[Short text fragments from websites]
=-=-=-=-=
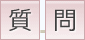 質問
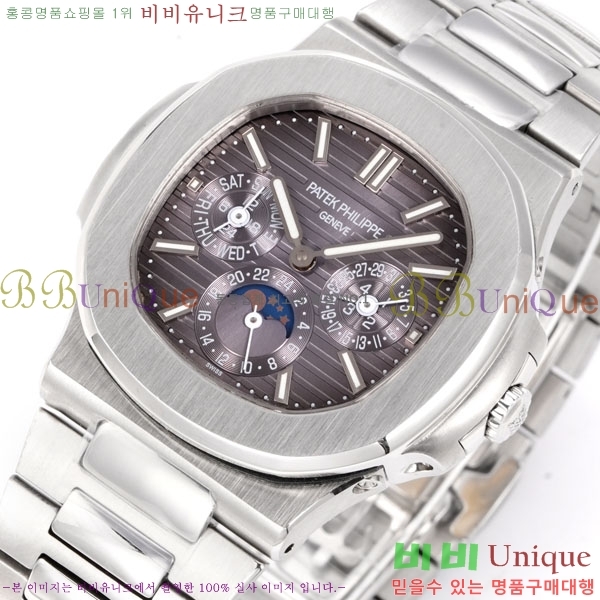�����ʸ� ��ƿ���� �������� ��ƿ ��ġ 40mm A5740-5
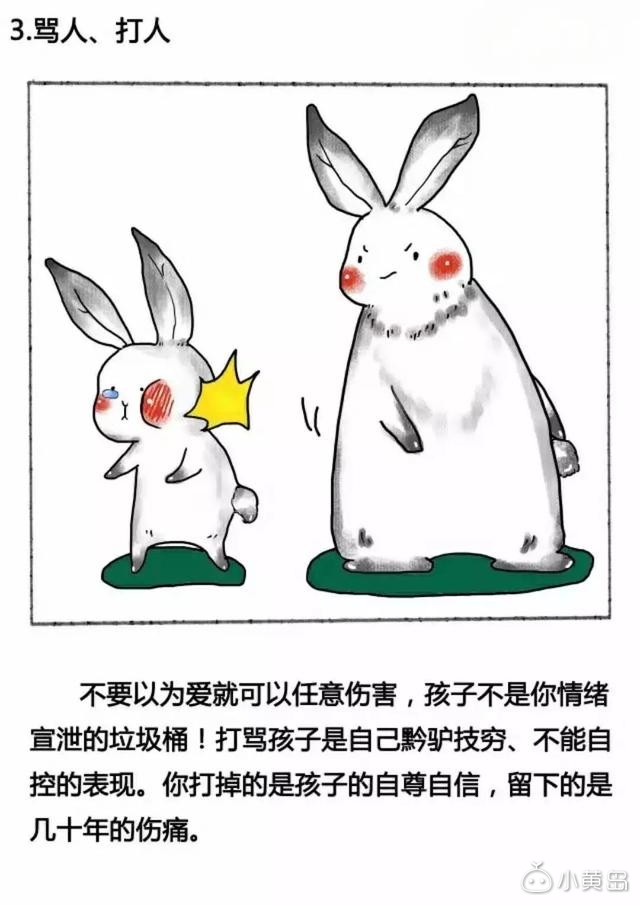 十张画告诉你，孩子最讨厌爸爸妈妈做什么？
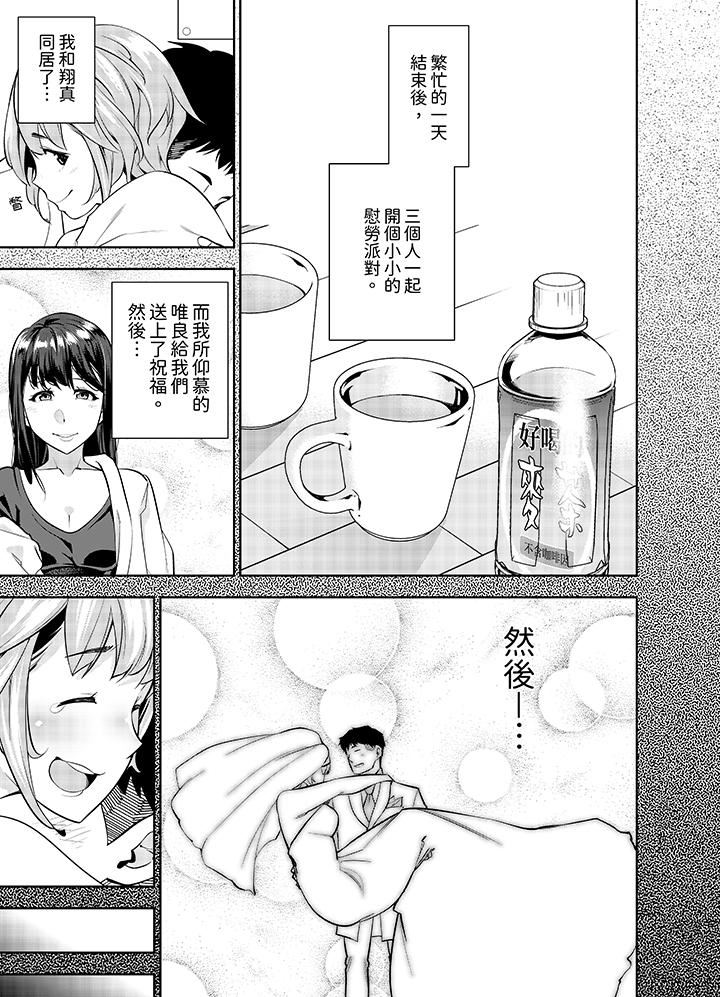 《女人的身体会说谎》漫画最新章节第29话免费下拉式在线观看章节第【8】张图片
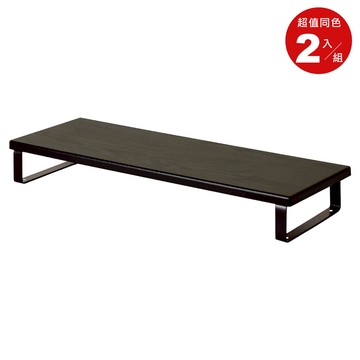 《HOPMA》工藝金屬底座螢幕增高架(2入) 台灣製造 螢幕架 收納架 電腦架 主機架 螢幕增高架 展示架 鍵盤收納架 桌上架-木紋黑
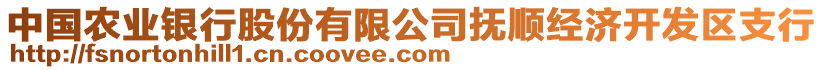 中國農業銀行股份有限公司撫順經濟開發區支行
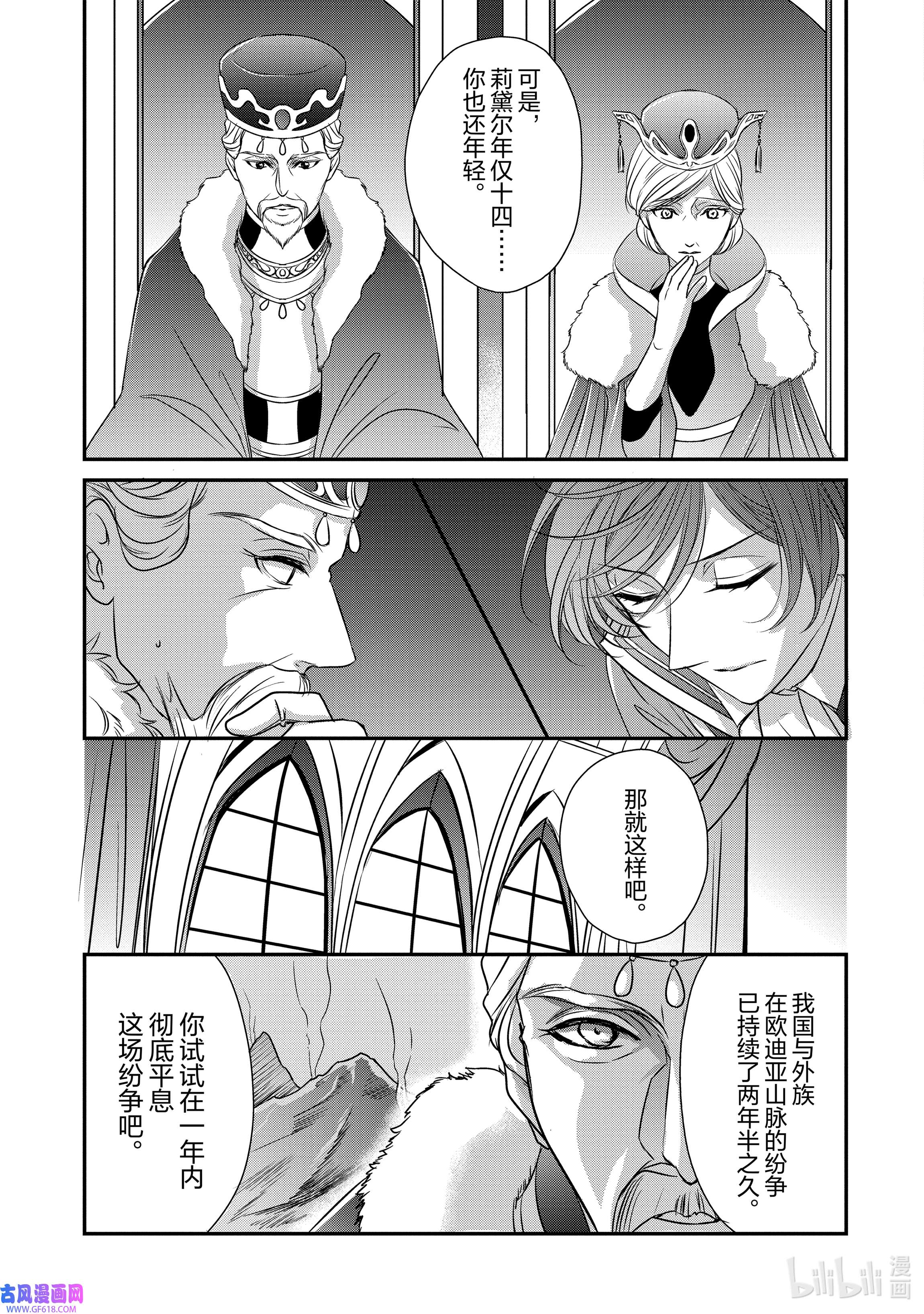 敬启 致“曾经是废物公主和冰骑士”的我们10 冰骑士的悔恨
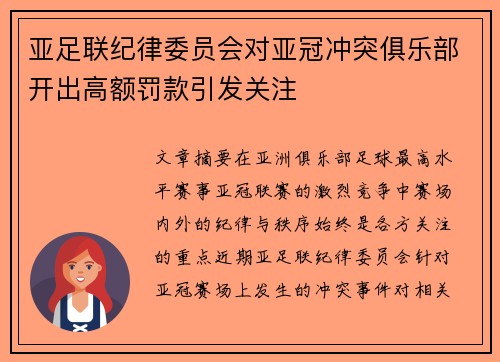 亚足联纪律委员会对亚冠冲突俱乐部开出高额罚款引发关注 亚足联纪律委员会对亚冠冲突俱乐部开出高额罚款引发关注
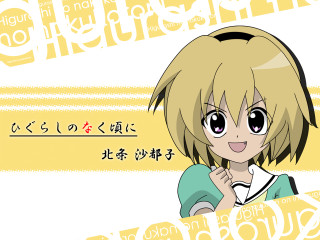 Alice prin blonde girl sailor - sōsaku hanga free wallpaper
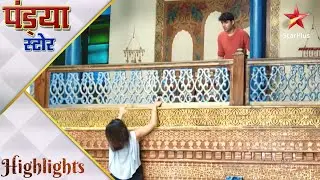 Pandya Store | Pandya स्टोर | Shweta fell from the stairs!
=-=-=-=-=
Exercise objective: Restate every record above word for word, without images.

Exercise result:
 質問
�����ʸ� ��ƿ���� �������� ��ƿ ��ġ 40mm A5740-5
 十张画告诉你，孩子最讨厌爸爸妈妈做什么？
 《女人的身体会说谎》漫画最新章节第29话免费下拉式在线观看章节第【8】张图片
 《HOPMA》工藝金屬底座螢幕增高架(2入) 台灣製造 螢幕架 收納架 電腦架 主機架 螢幕增高架 展示架 鍵盤收納架 桌上架-木紋黑
 中國農業銀行股份有限公司撫順經濟開發區支行
 敬启 致“曾经是废物公主和冰骑士”的我们10 冰骑士的悔恨
 亚足联纪律委员会对亚冠冲突俱乐部开出高额罚款引发关注 亚足联纪律委员会对亚冠冲突俱乐部开出高额罚款引发关注
 Alice prin blonde girl sailor - sōsaku hanga free wallpaper
 Pandya Store | Pandya स्टोर | Shweta fell from the stairs!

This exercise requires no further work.